BEGIN Extracted records
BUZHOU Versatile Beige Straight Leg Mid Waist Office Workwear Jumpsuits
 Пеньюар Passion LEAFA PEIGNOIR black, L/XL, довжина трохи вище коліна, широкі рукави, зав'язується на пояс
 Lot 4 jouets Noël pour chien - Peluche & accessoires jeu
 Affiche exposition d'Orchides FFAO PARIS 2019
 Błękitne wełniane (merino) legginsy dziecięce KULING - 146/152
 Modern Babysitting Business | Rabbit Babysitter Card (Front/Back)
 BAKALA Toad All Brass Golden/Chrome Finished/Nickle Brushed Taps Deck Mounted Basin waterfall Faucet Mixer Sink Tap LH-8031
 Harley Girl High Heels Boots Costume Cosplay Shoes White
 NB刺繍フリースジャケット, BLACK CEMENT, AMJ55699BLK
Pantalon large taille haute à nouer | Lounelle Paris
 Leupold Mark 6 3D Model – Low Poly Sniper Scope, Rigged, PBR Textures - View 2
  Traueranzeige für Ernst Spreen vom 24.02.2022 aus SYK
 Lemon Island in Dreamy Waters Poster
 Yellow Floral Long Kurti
END Extracted records
• Work task:
Write out the listing exactly from its first line to the line containing "Błękitne wełniane (merino)". Both of those lines belong in the answer.

• Result:
BUZHOU Versatile Beige Straight Leg Mid Waist Office Workwear Jumpsuits
 Пеньюар Passion LEAFA PEIGNOIR black, L/XL, довжина трохи вище коліна, широкі рукави, зав'язується на пояс
 Lot 4 jouets Noël pour chien - Peluche & accessoires jeu
 Affiche exposition d'Orchides FFAO PARIS 2019
 Błękitne wełniane (merino) legginsy dziecięce KULING - 146/152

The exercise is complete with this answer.